Dari beberapa pendapat di atas, dapat disimpulkan bahwa orang-orang Syiah pada awalnya ialah orang-orang yang mencintai nabi Saw. dan keturunannya. Bahkan mereka berlomba-lomba untuk memuliakan ahlul bait yang termotivasi dari penjelasan Rasulullah Saw. sendiri terkait beberapa tafsir ayat seperti surah al-Bayyinah. Dengan kata lain, cikal bakal Syiah dalam arti orang-orang yang mencintai ahlul bait telah ada sejak Rasulullah Saw. hidup. Kemudian golongan Syiah ini mengalami perluasan makna pada pemilihan khalifah di Tsaqifah bani Saidah. Mereka mengusulkan nama Ali bin Abi Thalib sebagai pengganti Rasulullah Saw. Fakta ini kemudian muncul kembali pada perang Siffin yang menghasilkan arbitrase di antara kedua belah pihak. Nah, pada saat inilah kelompok Syiah mendukung Ali secara terang-terangan, bukan sekadar mengagumi seperti sebelumnya. Paham seperti ini yang muncul hingga sekarang sebagai sebuah madzhab dan teologi dalam Islam.[12]

Editor: Aham


[1] Ahmad Atabik, Melacak Historitas Syi’ah (Asal Usul, Perkembangan dan Aliran-alirannya). Jurnal Al-Firkah vol 3 (2015), 330.
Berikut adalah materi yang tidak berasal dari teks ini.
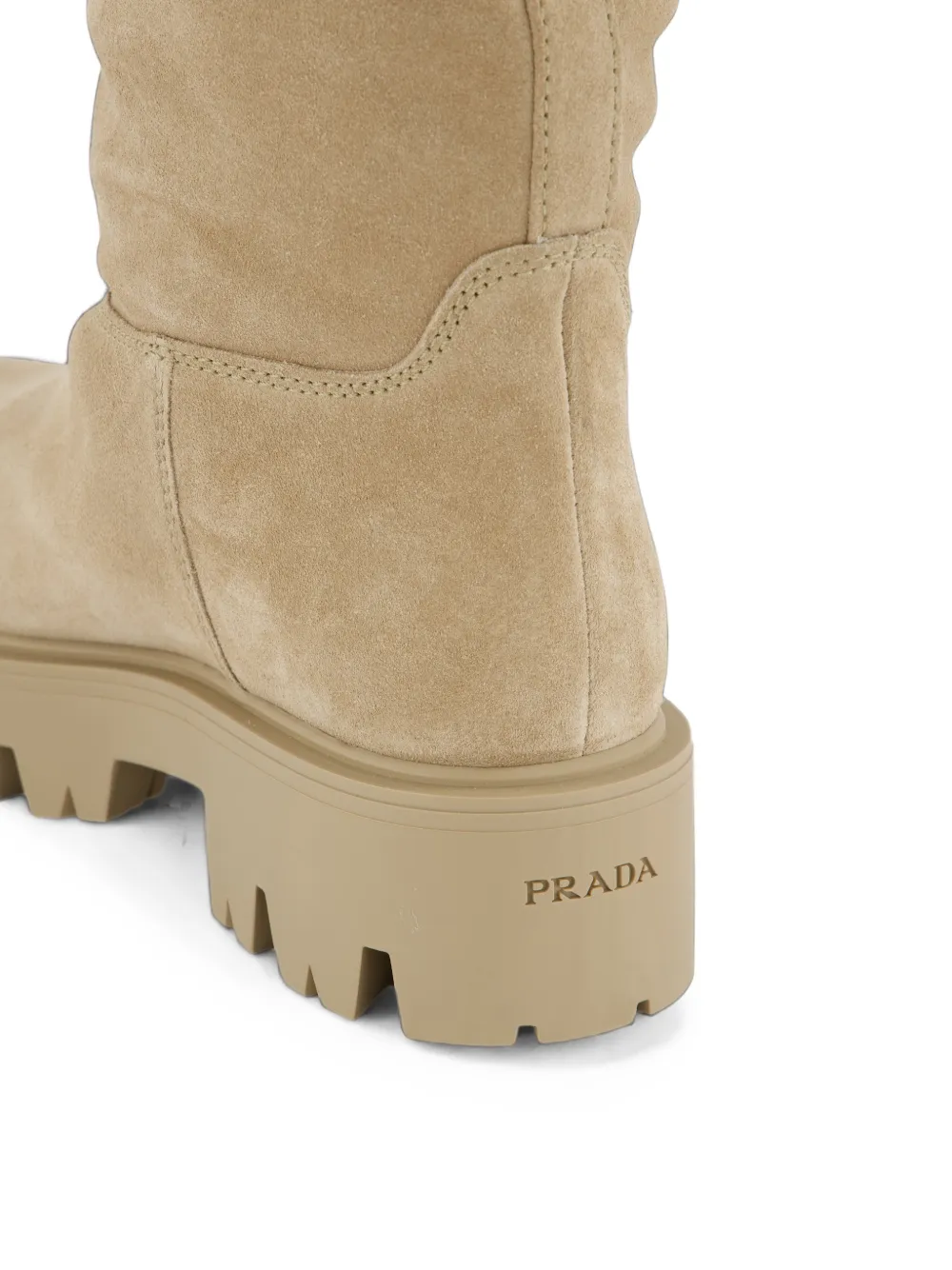 Prada logo-plaque suede boots Beige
[2] Oki Setiana Dewi, Syiah: Dari Kemunculan Hingga Perkembangan di Indonesia. Jurnal Studi al-Qur’an vol. 12 (2016) 220.

[3] Izzuddin Washil, Hadis Gadir Khum dalam Pandangan Syiah dan Sunnah. Al-Dzikra Vol 12, no. 1, Juni, 2018, 52-53.

[4] Ahmad bin Hanbal, Musnad Imam Ahmad bin Hanbal, (Beirut: Muassisah al-Risalah, Cet 1, 2001), juz 2, 71.

[5] Al-Maidah, 67.

[6] Izzuddin Washil, Hadis Gadir Khum dalam Pandangan Syiah dan Sunnah. Al-Dzikra Vol 12, no. 1, Juni, 2018, 56.

[7] Abu Zahrah, Tarikh al-Madzahib al-Islamiyah fi al-Siyasah wa al-Aqaid. (Kairo: Dar al-Fikr, t.t), 30.

[8] Ahmad Atabik, Melacak Historitas Syi’ah (Asal Usul, Perkembangan dan Aliran-alirannya). Al-Firkah vol 3 (2015), 332.

[9] Ahmad Atabik, Melacak Historitas Syi’ah (Asal Usul, Perkembangan dan Aliran-alirannya). Al-Firkah vol 3 (2015), 332

[10] Tim Penulis Pusat, Mengenal dan Mewaspadai Penyimpangan Syi’ah di Indonesia. (Depok: Gema Insani, 2013), 18

[11] Ibid, 19

[12] Oki Setiana Dewi, Syiah: Dari Kemunculan Hingga Perkembangan di Indonesia. Jurnal Studi al-Qur’an vol. 12 (2016) 222.